Inside the Moral Kiosk

Sorry I haven't been as prolific of late as I want to be; fighting the man by day has been sapping some of the creative juices. Thankfully Ty's done a solid job keeping shit humming in my absence, but hopefully you'll be hearing much more from me in the coming weeks. One thing my daytime duties as a class warrior have helped me realize, however, is that there is a gigantic disconnect between my ethics when sports are involved and my personal beliefs in non-sports-related daily life. While I don't think I can fully come to terms with this dilemma in the course of one late-night post, I at least want to get the conversation rolling on the topic with some of initial thoughts.

At the risk of sounding excessively douchey, when we first started this blog I had (and continue to have) aspirations of using sports as a prism for addressing some of society's more significant issues. What sports can tell us about life's controversies interests me greatly, yet the controversies of sports generally do nothing for me. To put it another way, in a perfect world, I'd want the interaction between sports and society to be almost purely metaphor. When the literal creeps up, I tend to shut off. I've had conspicuously little to say about the Donaghy situation, and never bothered touching the Marbury/Vick dust-up. For someone fascinated by corruption and greed in America, you'd think that when these issues directly intersect with what we cover here I'd be anxious to weigh in, but, when it comes to sports, my moral compass rarely get too agitated.

A couple different recent conversations helped bring my indifference to sports-related wrongdoings into focus. The first was an introductory conversation with a co-worker who happened to be a University of Oregon alum. Searching for topics of conversation, I was curious if she had any interest in their basketball or football teams. She was, she responded, to the extent that she had spent her four years ardently protesting the school's Nike ties. During my time in college I saw similar efforts to make Stanford athletics sweat-free, efforts that I never backed out of the fear that losing our Nike affiliation would affect the profitability and competitiveness of our basketball program. Now, normally I would fully support any effort to encourage economic justice in the developing world -- my co-worker and I probably see eye-to-eye on 90% of political issues -- but when my team becomes involved, my politics stop considerably short of my standard ideals.

A couple weeks later, the topic of Michael Vick came up during a conversation among friends. One person expressed that, in the entire debate, his predominant concern was losing the ability to watch Vick play. As someone with very little interest in the NFL, I needed to translate this sentiment into something I could relate to. The closest I could come was that, if Kobe had gone to trial, and I was on the jury and became totally convinced of his guilt, would I be more concerned with enforcing justice or ruining my home team's season? In the end, I have to believe I'd do the right thing, but I have to imagine I'd be at least a little conflicted. The fact that there would be any inner debate at all makes me worried about the amorality with which I treat sports.

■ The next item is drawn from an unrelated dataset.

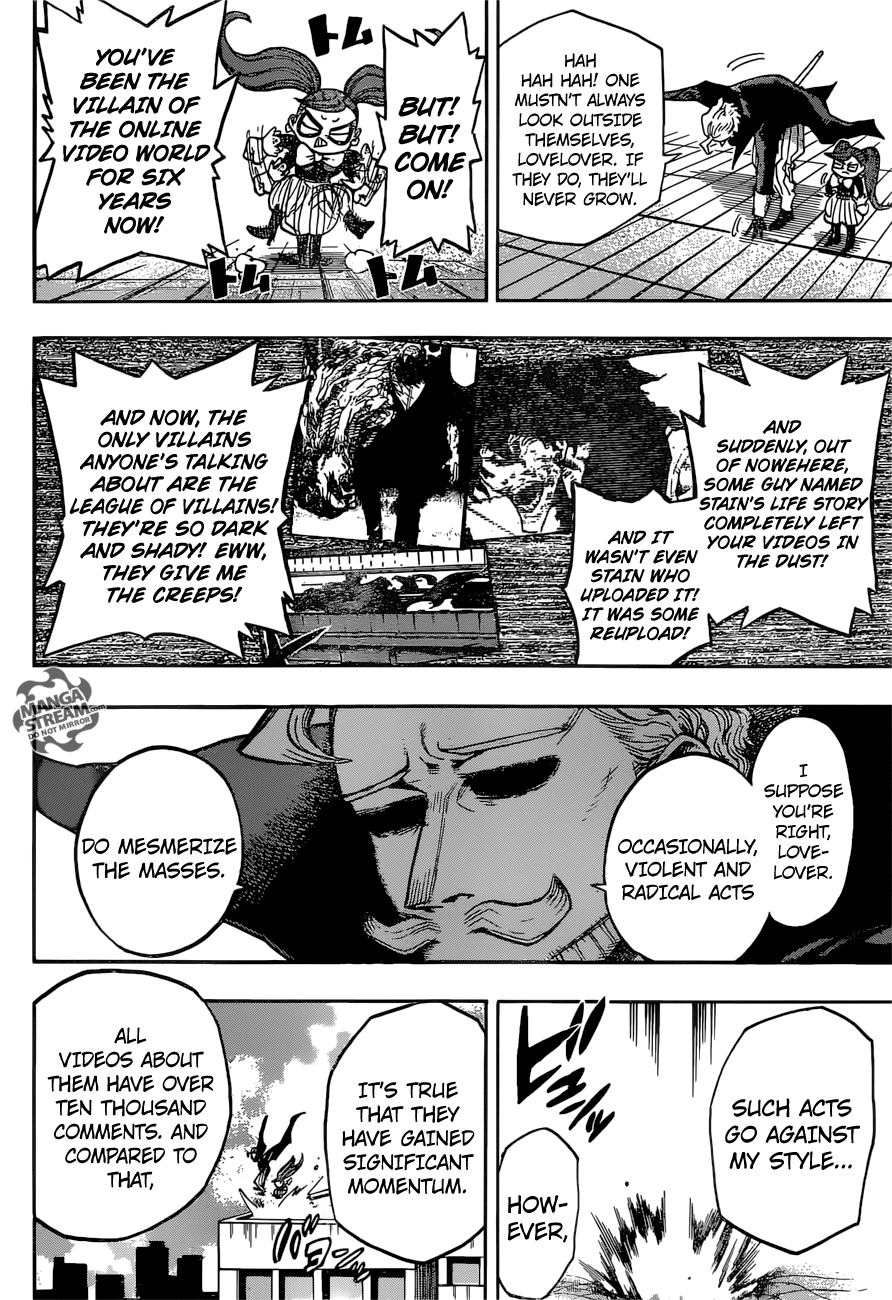 My Hero Academia, chapter 171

Clearly, things are not as black-and-white for me as I might seem to be implying. My moral and political judgments do cross into the world of athletics fairly often. For example, I think LeBron unquestionably should have signed Newble's Sudan letter. Generally, I wish MJ had had a political conscience (at least vocally). I still think Tim Hardaway is a jackass. But I nonetheless have a willingness to look the other way, especially in the cases where the success of the team I root for is at stake, a tendency I have to find somewhat troubling. Perhaps I'm scrambling too many dissimilar things here. The moral question might be entirely distinct from the political one. Furthermore, not letting someone's off-court actions color your on-court view of them is one thing, while legitimately not caring about a person's transgressions simply because of their athletic ability is something else entirely. I think what I'm actually feeling is the former, but what I'm afraid I'm expressing at times here is the latter. I have no ambitions of completely resolving this personal conflict tonight, so I am legitimately interested in hearing whether this is a common struggle shared by other progressively-minded (or conservative-minded) sports enthusiasts. Can you hope to use sports as a tool to inform your world-view without letting your world-view influence how you watch sports?